Cada vez menos, mas ainda acontece. Acho que depende do nível de educação das pessoas. O cancro coloca as pessoas num estado de fraqueza e é muito importante que os médicos, família e amigos expressem amor, compreensão e humanidade aos pacientes de cancro, pois estes precisam de muita força para lutar. E não lutamos apenas com a Medicina, mas também com a nossa força interna. E a parte mental, o psicológico, desempenha um grande papel.
No livro fala da sua colega Giovanna, que viria a falecer de cancro do cólon. “Giovanna, não sei quanto tempo durará ainda a minha vida, mas, se ela durar mais do que a tua, prometo-te que viverás em mim como uma chama e que nunca deixarei de me bater para prolongar e melhorar a vida dos pacientes. Travaremos juntas esse combate. E nada nos fará parar”, escreveu, recordando uma conversa. Esta promessa deu-lhe forças para continuar?

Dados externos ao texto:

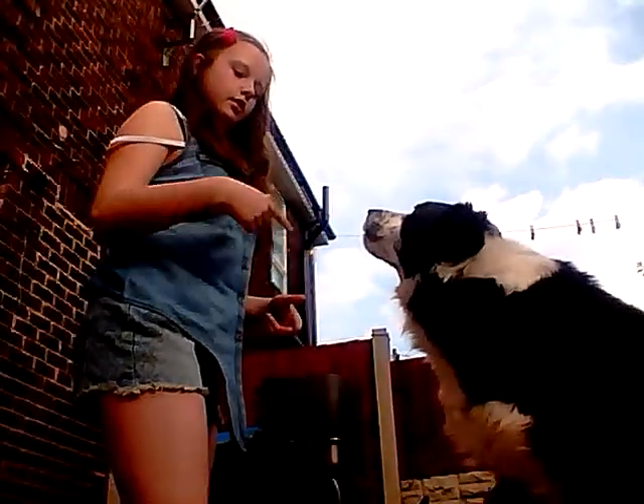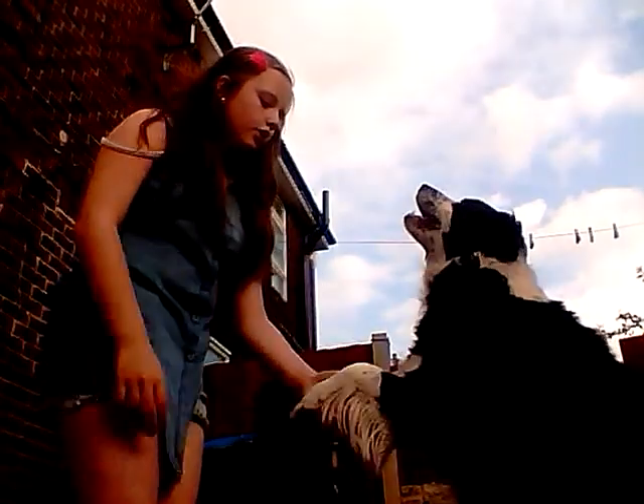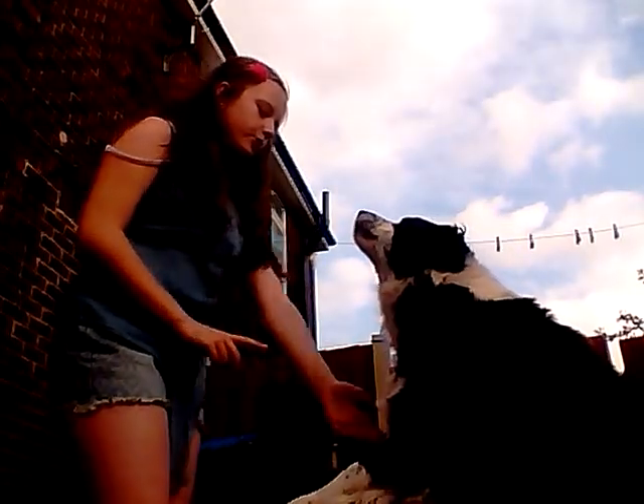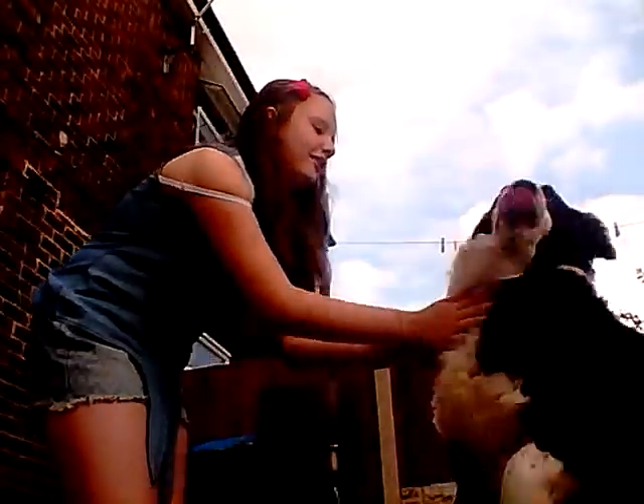Okay, okay, come here. Sit. Paw — can you see that? Other paw, other paw — no, no, other paw. Paw, paw — go, go.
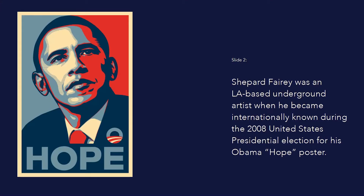Fairey was an LA-based underground artist when he became internationally known during the 2008 United States presidential election for his Obama poster. Fairey wanted to help promote Obama's candidacy by producing an artwork, and discussed the idea with a friend, Yossi Sargent, who was loosely associated with the Obama campaign. Sargent was instrumental in persuading Obama's campaign team to grant permission for Fairey to produce the work.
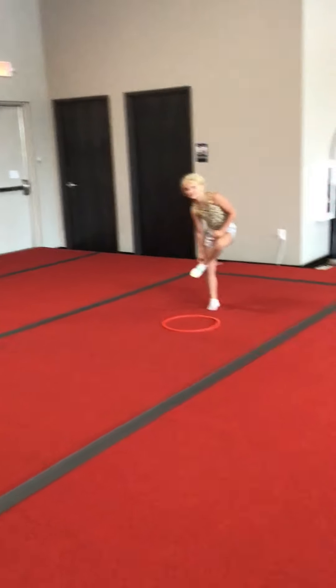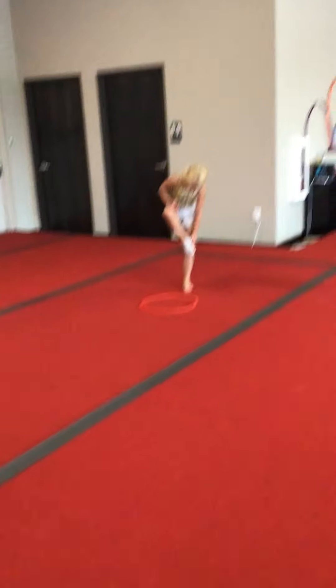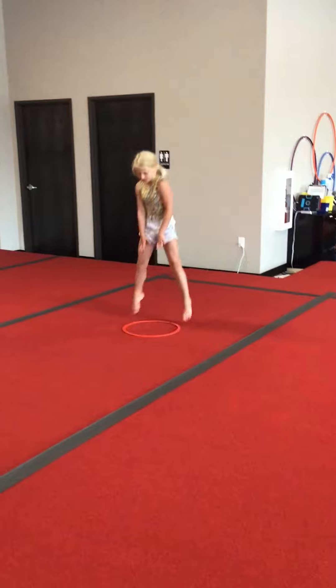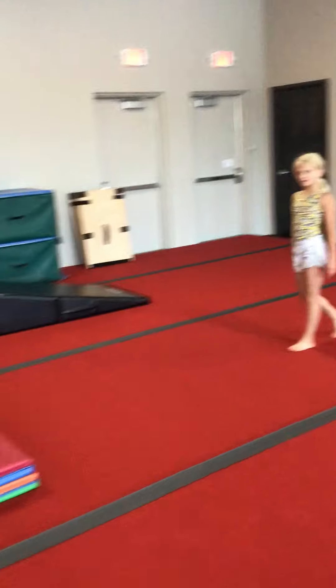For floor this week, we have frog jumps with a dot or a hoop. Starting in the same place, they'll do their frog jumps. Have the kids do about 10 or so, and then they can switch with their partner and take a break.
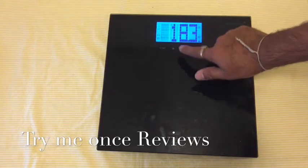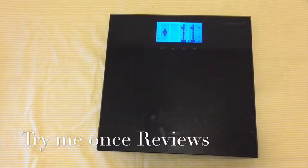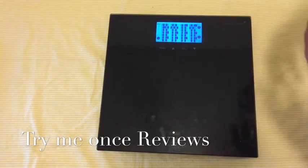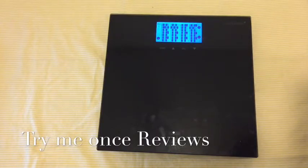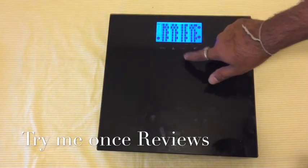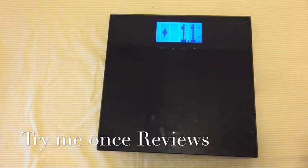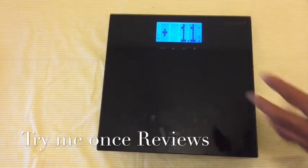The weight now shows 18.3. The other good feature is the weightless mode — you can see a plus 1.1 indicator. This basically means it doesn't show you the exact weight if you don't want it to; you can just see the difference in weight. When you're following a daily routine and tracking your weight, you don't need to remember yesterday's weight — it will simply tell you. So the weight is 18.3, but there's a difference of plus 1.1 pounds.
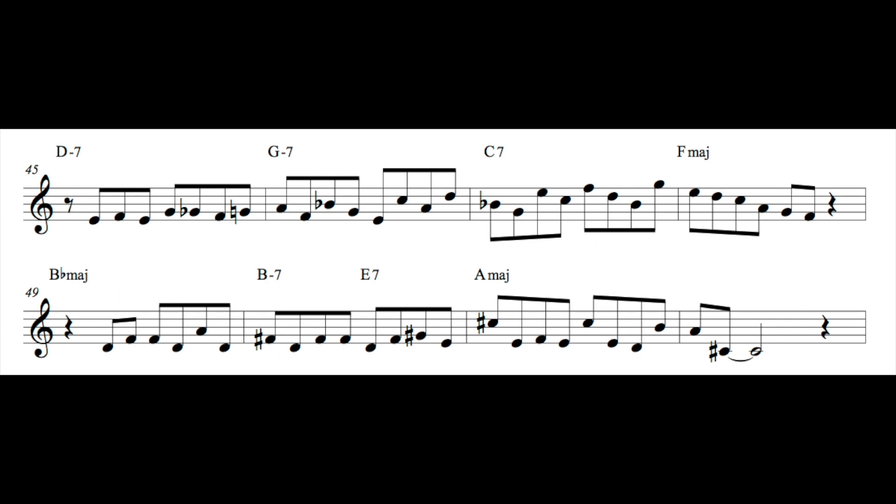Looking ahead to the next phrase, the thing I'm going for here is playing this hemiola, which is just a rhythm that is repeating but it's shifting where it's placed in the measure. Starting in measure 46, I have a two-note idea, and then I have a three-note idea, and I'm alternating two and three notes — continuing up that major scale, two notes, three notes, two notes — all the way up until I decide to end that hemiola. Then I resolve down on the major chord.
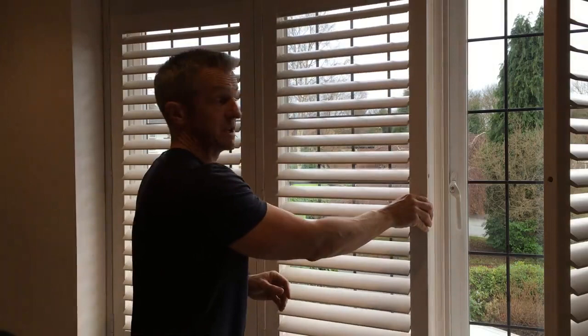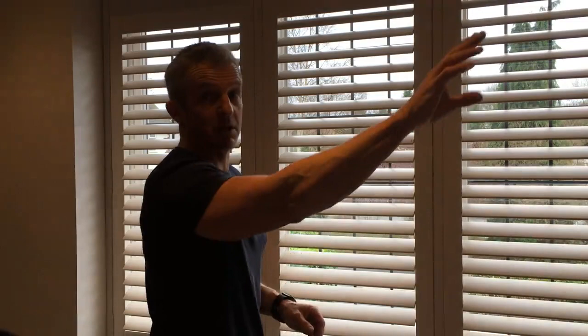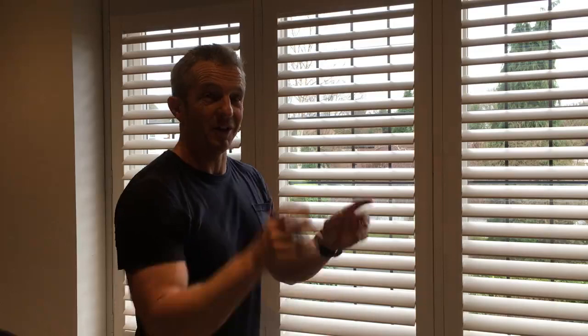We've done this on the entire front of this property on Grassmere Crescent in Bramhall. John's currently fitting the landing one at the moment. I'll do a picture of it so you'll see it anyway on the timeline.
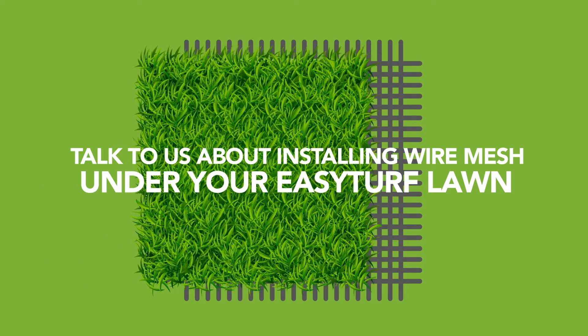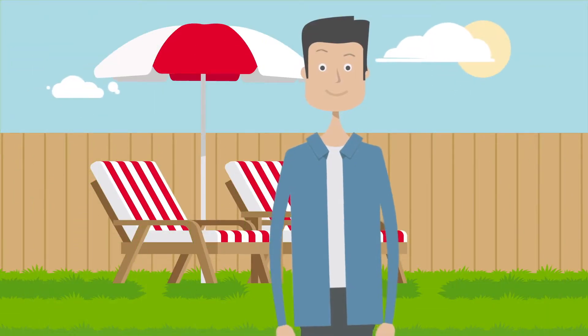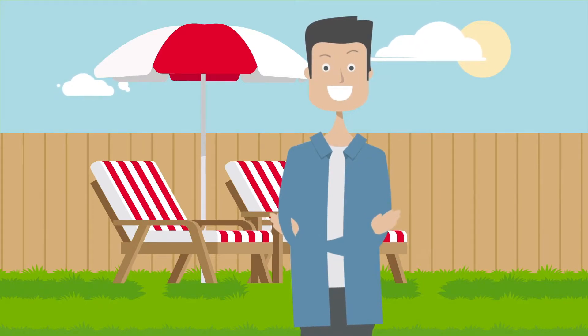Talk to us about installing wire mesh under your EasyTurf lawn. It can help eliminate problems if you have any evidence of these animals, and can even prevent future issues.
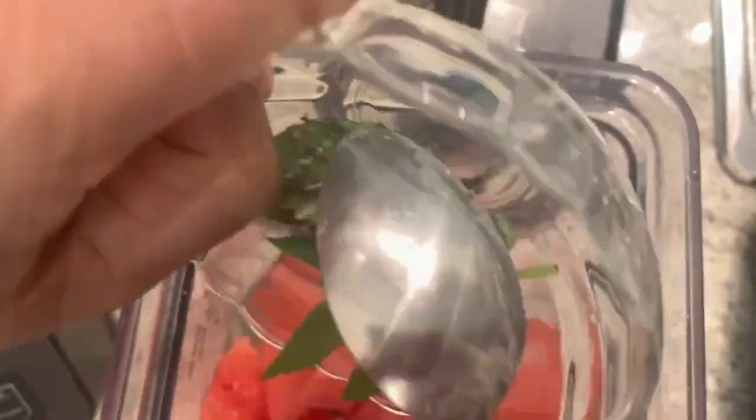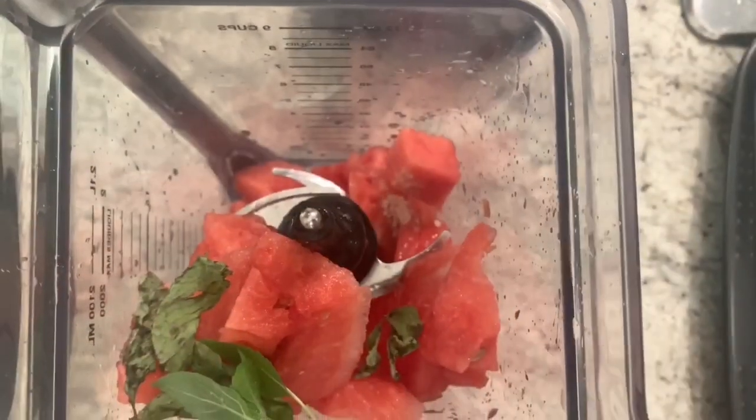And we will blend them well. After that, you can put it through a strainer and serve it with ice.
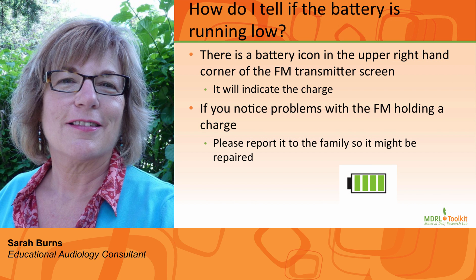Number nine: Can I tell if the battery is running low? Yes, the battery icon is in the upper right-hand corner of the screen and it will indicate the charge. Not unlike any other electronic device, it is important to note when a charge does not occur and communicate this to the family so that the charging system can be repaired.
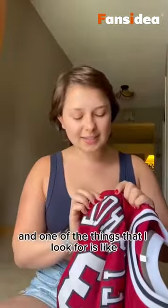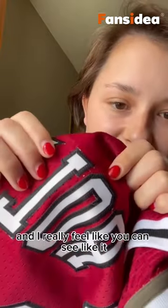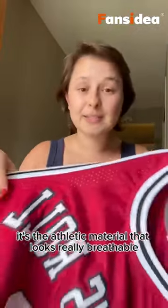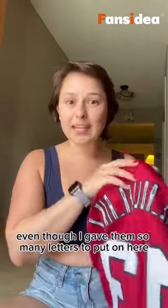One of the things that I look for is the stitching and the quality of that, and I really feel like you can see it was really nicely done. It's the athletic material that looks really breathable. The sleeves and the neck are really stretchy, and the lettering on the back — even though I gave them so many letters to put on here.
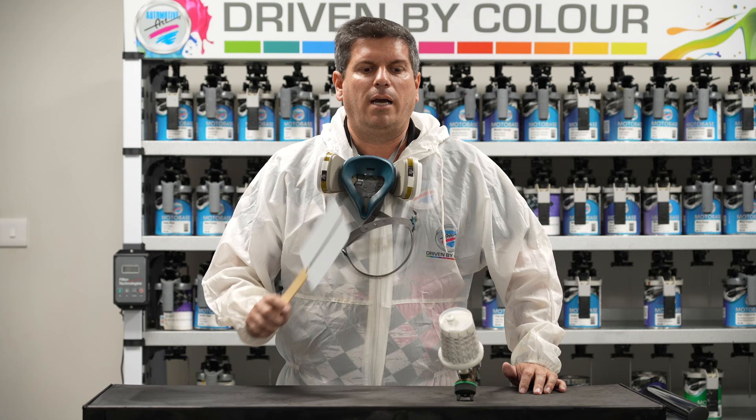Hi guys, my name is Eric Bishop. I'm the technical training manager for Automotive Art, and today we're going to be doing let down panels. As we all know, when we have a three-stage color, we have a difficult task because we always have to match the undercoat. So what we're going to need is a spray out card and we're going to need our two colors — the undercoat and the pearl.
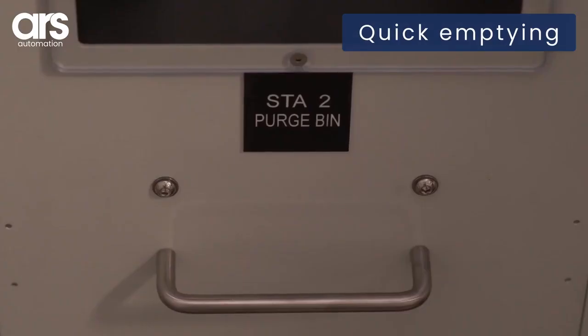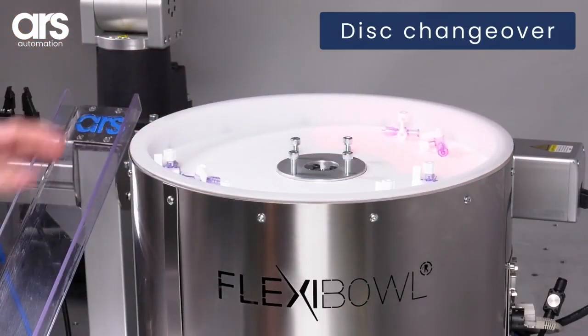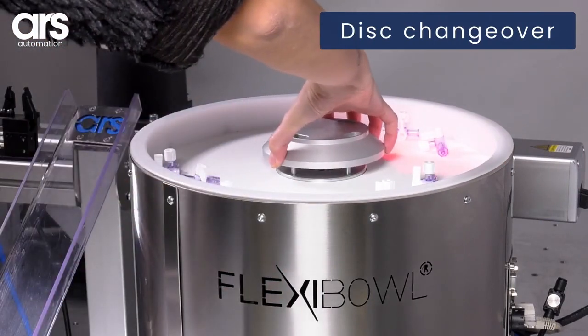FlexiBole can easily perform a product change, even automatically, thanks to the quick emptying option. The surface of FlexiBole, driven by a motor, is available in a wide variety of colors.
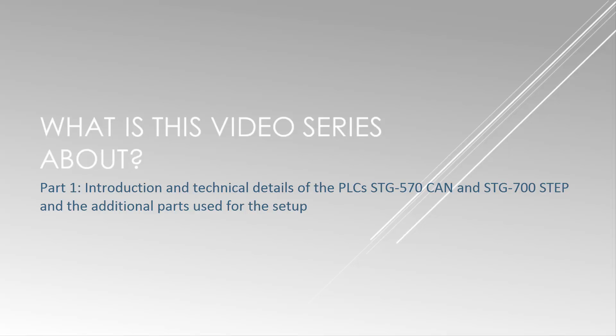This video series will be divided into five parts. This first part will be a general introduction and I will talk about the technical details of the PLCs, the STG 570 CAN and the STG 700 STEP, and also the additional parts used for the setup.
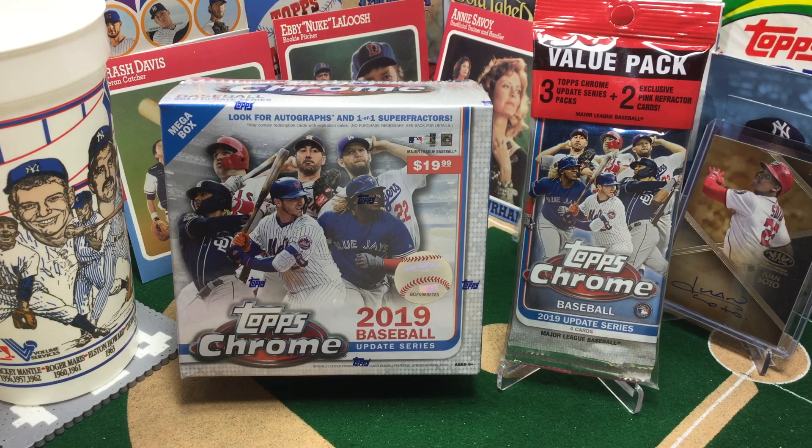Hello, sports fans, and welcome to the broadcast booth. I'm Jason Aaron Goldberg, and this is Card Collecting Shenanigans.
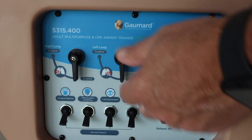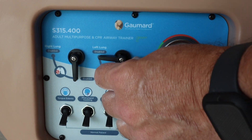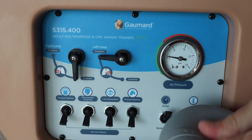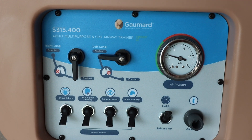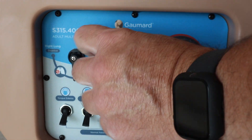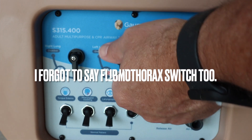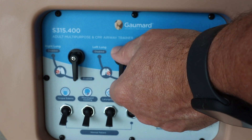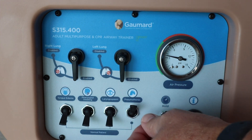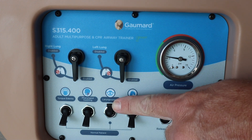Flip your switch up for hold and pressurize your system. Once it's pressurized, if you flip the knob up for lungs disabled, that's going to mimic a dropped lung. So if you're running a scenario where you've got a student who needs to decompress, you're going to flip the switch up for disable and that will mimic that scenario. It's important that you only use the second intercostal space on this mannequin whenever you're managing a tension pneumothorax.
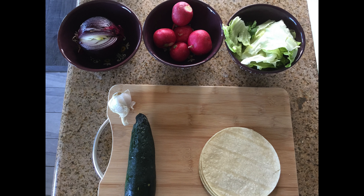First of all we need squash, we need onions and we need tortillas. Today we are going to cook some kind of tacos with a special salad.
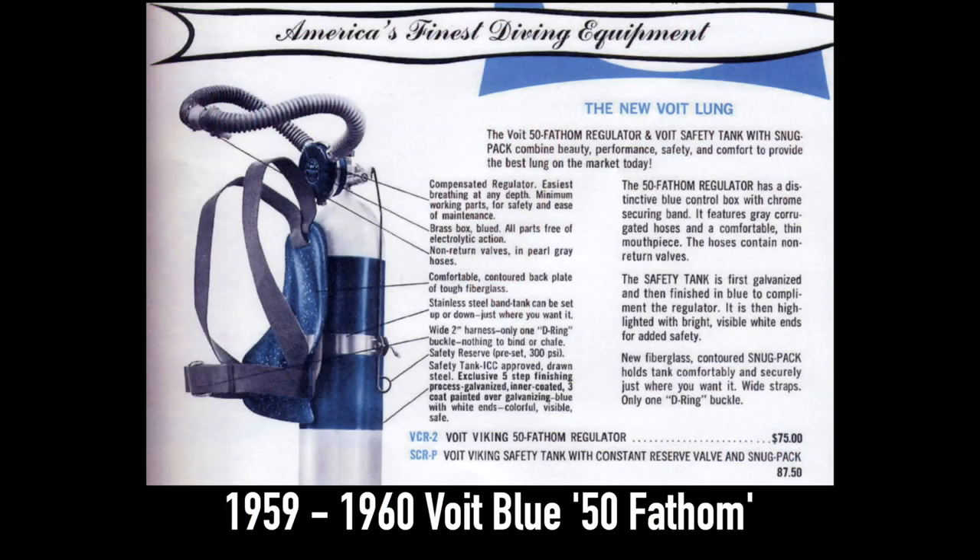This was the first regulator that Voigt built for themselves. There were other regulators that were new models that Voigt built, but this was actually the first regulator that Voigt made for themselves. 1959 — am I right, Kevin? 1959 and 1960; this regulator was made for two years only.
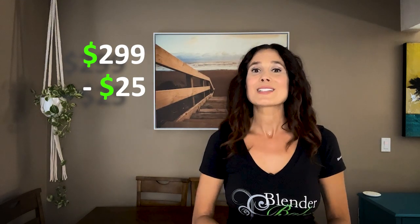However, at the making of this video it's not available yet. The Void vacuum blender for Vitamix is currently priced at $299, and you can get $25 off with our exclusive promo code BLENDERBABES.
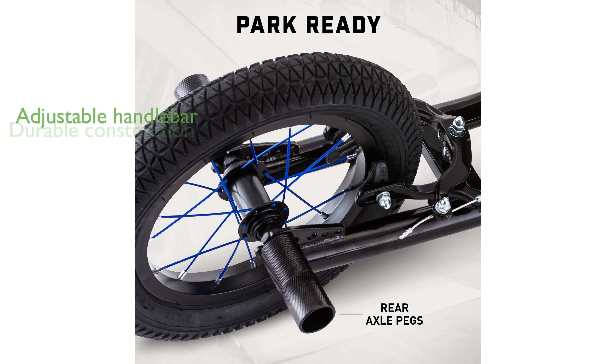While the Mongoose Expo requires assembly, its adjustable handlebar height caters to a range of rider heights from 4 feet 2 inches to 5 feet 6 inches.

Sim. Confesso que tenho de tentar não me emocionar, estas memórias vivem muito em mim, com muita força. Foi horrível ver uma amiga tão querida morrer de cancro ao mesmo tempo que tentávamos lutar contra esta doença [Giovanna fazia parte da equipa de investigação de Patrizia]. A Giovanna tinha apenas 34 anos e o diagnóstico foi tão tardio. Mas sim, a morte da minha amiga foi mais um acontecimento que me ligou a esta missão de combater o cancro. Não só a Giovanna, mas todas as pessoas que vi morrerem por causa do cancro. Não esqueço os olhos dessas pessoas e, para mim, é quase como se eu lhes tivesse feito uma promessa, a promessa de que não morriam em vão, que a sua morte iria ter significado.
Todos os pacientes que vi a morrerem de cancro deixaram-me com algo, acho que uma espécie de raiva até. Mas, acima de tudo, com muita vontade de lutar."
Escreve também no seu livro que existem pessoas, especialmente mulheres, que escolhem ser corajosas mesmo quando enfrentam a morte. São uma inspiração para si, para continuar a tentar encontrar uma forma de matar o cancro?
Todos os pacientes que vi a morrerem de cancro deixaram-me com algo, acho que uma espécie de raiva até. Mas, acima de tudo, com muita vontade de lutar. Mas as mulheres, especialmente, tenho-lhes uma admiração incrível. Vi tantas delas a serem tão corajosas, a tentarem não colocar o fardo do cancro na sua família, a tentarem enfrentar toda situação da doença e morte com um sorriso, e a tentarem que todos à sua volta não sofressem apesar do seu próprio sofrimento. E isso é incrível e fantástico. Penso que todos temos muito a aprender e a retirar da história dessas mulheres, que conto no livro. De qualquer forma, é claro que todos sabemos que não somos eternos e que temos de ir embora eventualmente. E a maneira como escolhemos fazê-lo, se for possível, é importante. Essas mulheres deram-me grandes lições. E nunca esquecerei os olhos dessas mulheres, e dos homens também, que vi a morrerem devido ao cancro, dão-me força para lutar. Porque lutar diariamente não é fácil.